▸ Work task:
Below are entries. Reproduce exactly the lines between the line holding "Banana Import Company, Dominican" and the line holding "Vue détaillée d'un", inclusive, and only those.

═══ Material for the task ═══

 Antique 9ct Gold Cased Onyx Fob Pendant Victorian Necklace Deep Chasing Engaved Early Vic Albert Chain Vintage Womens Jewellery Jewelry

═══
═══ Material for the task ═══

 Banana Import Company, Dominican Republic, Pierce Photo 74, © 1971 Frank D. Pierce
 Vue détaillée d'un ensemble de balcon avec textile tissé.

═══

▸ Task solution:
 Banana Import Company, Dominican Republic, Pierce Photo 74, © 1971 Frank D. Pierce
 Vue détaillée d'un ensemble de balcon avec textile tissé.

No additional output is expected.